Por lo demás, esto no altera lo más mínimo la relación general existente entre el capital y el salario del trabajador. En primer lugar, esas diferencias individuales se nivelan en el conjunto del taller. En segundo lugar, la proporción entre el salario y la supervalía no está modificada en este segundo sistema de salario, pues al salario individual de cada obrero corresponde la masa de supervalía suministrada por él. El salario a destajo tiende por esto mismo a desarrollar, por una parte, el espíritu de independencia y de autonomía en los trabajadores, y, por otra, la competencia que se hacen entre ellos. Síguese de aquí una elevación de los salarios individuales sobre su nivel general, acompañada de un descenso de este mismo nivel.
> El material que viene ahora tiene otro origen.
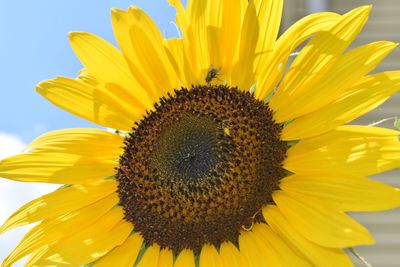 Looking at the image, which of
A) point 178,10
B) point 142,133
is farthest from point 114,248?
point 178,10

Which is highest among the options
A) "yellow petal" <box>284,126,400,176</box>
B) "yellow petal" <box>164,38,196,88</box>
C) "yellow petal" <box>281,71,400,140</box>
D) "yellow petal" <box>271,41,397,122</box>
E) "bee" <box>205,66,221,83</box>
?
"yellow petal" <box>164,38,196,88</box>

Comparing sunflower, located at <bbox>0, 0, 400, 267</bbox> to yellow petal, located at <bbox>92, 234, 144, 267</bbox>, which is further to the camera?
yellow petal, located at <bbox>92, 234, 144, 267</bbox>

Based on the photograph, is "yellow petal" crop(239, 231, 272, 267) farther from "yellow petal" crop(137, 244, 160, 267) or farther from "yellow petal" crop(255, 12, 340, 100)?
"yellow petal" crop(255, 12, 340, 100)

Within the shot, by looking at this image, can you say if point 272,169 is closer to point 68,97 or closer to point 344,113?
point 344,113

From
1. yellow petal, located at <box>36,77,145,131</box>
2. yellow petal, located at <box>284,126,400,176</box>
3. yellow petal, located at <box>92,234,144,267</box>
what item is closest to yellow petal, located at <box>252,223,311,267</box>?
yellow petal, located at <box>284,126,400,176</box>

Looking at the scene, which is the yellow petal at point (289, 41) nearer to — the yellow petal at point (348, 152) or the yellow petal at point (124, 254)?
the yellow petal at point (348, 152)

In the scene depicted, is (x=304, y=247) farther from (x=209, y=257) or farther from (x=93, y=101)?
(x=93, y=101)

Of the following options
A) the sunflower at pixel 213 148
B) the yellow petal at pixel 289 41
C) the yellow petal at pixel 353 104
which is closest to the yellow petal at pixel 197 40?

Por último, el salario a destajo permite al patrono aplicar el sistema ya indicado de no ocupar regularmente al obrero durante la jornada o durante la semana.

Todo esto demuestra que el salario a destajo es la forma de salario más conveniente al sistema de producción capitalista.

CAPÍTULO XXII

DIFERENCIA EN EL TIPO DE LOS SALARIOS NACIONALES

Cómo pueden compararse los diferentes tipos nacionales del salario. — Modificaciones de la ley del valor en su aplicación internacional. — Salario aparente y salario real.

Cómo pueden compararse los diferentes tipos nacionales del salario.

Para comparar el tipo del salario entre diferentes naciones, es preciso ante todo tener en cuenta las circunstancias de que depende en cada una de ellas el valor de la fuerza de trabajo, tales como la cantidad de las necesidades ordinarias, el precio de las subsistencias, el número medio de individuos de las familias obreras, los gastos de educación del trabajador, el papel que desempeña el trabajo de las mujeres y de los niños, y, en fin, la productividad, la duración y la intensidad del trabajo.

Conociendo la duración cotidiana del trabajo y el salario de la jornada en cada país, se hallará para cada uno el precio de la hora de trabajo en los mismos ramos de industria; en cuyo caso podrán compararse los tipos nacionales del salario a jornal. Después será necesario reducir el salario a jornal a salario a destajo, único que indica los diferentes grados de intensidad y de productividad del trabajo.